▶ **SUPPLIED DATA**
========
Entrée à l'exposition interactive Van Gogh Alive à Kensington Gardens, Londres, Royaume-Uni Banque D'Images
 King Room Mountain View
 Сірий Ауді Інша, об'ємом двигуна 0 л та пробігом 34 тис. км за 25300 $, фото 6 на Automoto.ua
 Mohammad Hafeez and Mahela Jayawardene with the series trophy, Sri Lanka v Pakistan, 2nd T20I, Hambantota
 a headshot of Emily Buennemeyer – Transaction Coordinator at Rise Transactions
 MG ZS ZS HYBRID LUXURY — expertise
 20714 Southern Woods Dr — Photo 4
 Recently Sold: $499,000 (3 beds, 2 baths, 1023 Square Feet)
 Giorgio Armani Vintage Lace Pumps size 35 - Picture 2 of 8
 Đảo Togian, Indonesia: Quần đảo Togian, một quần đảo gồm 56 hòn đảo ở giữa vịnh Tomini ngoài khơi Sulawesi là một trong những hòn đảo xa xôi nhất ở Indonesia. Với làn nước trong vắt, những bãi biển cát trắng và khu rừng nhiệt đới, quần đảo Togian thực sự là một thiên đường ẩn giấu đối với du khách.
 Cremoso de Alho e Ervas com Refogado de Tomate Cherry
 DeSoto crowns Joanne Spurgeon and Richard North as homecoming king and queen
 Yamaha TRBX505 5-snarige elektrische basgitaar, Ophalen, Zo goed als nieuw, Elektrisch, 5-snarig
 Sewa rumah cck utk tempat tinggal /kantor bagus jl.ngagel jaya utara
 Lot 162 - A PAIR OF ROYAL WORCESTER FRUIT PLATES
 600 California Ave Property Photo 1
========
▶ **DIRECTIONS**
From the line holding "Recently Sold: $499,000" through the final line of the data above, copy every line exactly as written. Include nothing else.

▶ **PROBLEM SOLUTION**
 Recently Sold: $499,000 (3 beds, 2 baths, 1023 Square Feet)
 Giorgio Armani Vintage Lace Pumps size 35 - Picture 2 of 8
 Đảo Togian, Indonesia: Quần đảo Togian, một quần đảo gồm 56 hòn đảo ở giữa vịnh Tomini ngoài khơi Sulawesi là một trong những hòn đảo xa xôi nhất ở Indonesia. Với làn nước trong vắt, những bãi biển cát trắng và khu rừng nhiệt đới, quần đảo Togian thực sự là một thiên đường ẩn giấu đối với du khách.
 Cremoso de Alho e Ervas com Refogado de Tomate Cherry
 DeSoto crowns Joanne Spurgeon and Richard North as homecoming king and queen
 Yamaha TRBX505 5-snarige elektrische basgitaar, Ophalen, Zo goed als nieuw, Elektrisch, 5-snarig
 Sewa rumah cck utk tempat tinggal /kantor bagus jl.ngagel jaya utara
 Lot 162 - A PAIR OF ROYAL WORCESTER FRUIT PLATES
 600 California Ave Property Photo 1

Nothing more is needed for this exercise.